Many of us still remember the sleepless nights that followed the 2013 decision in Mitchell v News Group Newspapers Ltd [2013] EWCA Civ 1537. This was the unforgettable moment when Mr Mitchell’s claim against the Sun newspaper was subject to a costs order limited to court fees only following the late filing of the costs budget and the impact of CPR 3.14 –

Unless the court otherwise orders, any party which fails to file a budget despite being required to do so will be treated as having filed a budget comprising only the applicable court fees.

There then followed a period of terror (!) when cases were struck out for minor breaches of directions and applications for relief from sanctions were routinely refused. The world then settled down a bit following Denton v TH White [2014] EWCA Civ 906. Denton established the now familiar 3 fold test –

  1. Was the breach serious and significant?
  2. What was the reason for the breach?
  3. Consideration of ‘all the circumstances of the case’.

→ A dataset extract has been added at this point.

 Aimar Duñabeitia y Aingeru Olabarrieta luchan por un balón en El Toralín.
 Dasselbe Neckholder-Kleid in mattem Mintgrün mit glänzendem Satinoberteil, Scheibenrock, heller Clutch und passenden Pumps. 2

Denton led to a collective sight of relief. But the importance of compliance did not go away. We have seen a timely and important reminder in the case of John Fiddler v Dreams Ltd reported on the Farrar’s Building website at – https://www.farrarsbuilding.co.uk/claimant-files-serves-precedent-h-one-day-late-in-900000-claim-relief-refused-and-claimants-costs-limited-to-court-fees-only/

This was a personal injury claim arising out of an accident at work. It was initially said to valued at less than £25k. The claim for special damages was far and there were eventually two unless orders requiring the claimant to produce a proper schedule of losses and also to pay the right fee. The Schedule of losses exceeded £880k. The case was listed for a CCMC. The claimant served his Precedent H 20 days before the hearing – a day late. There was no application for relief from sanctions ahead of the CCMC despite reminders from the defendant. Directions were given and the claimant’s costs were limited to court fees only.

About a week later the claimant finally applied for relief from sanctions. The solicitors argued that the breach was not serious or significant. Their reason was that the breach was caused by a misunderstanding of the rules. Not surprisingly, these arguments fell on stony ground. Denton test 3. Was doomed to failure as the application for relief was submitted after much delay by a party who had already been subject to 2 unless orders.

 

This case is unusual in that there were a series of failures. But the lesson is clear.

CPR 3.14 is a draconian sanction. It hasn’t gone away.

But if you do find yourself missing a deadline, apply for relief right away!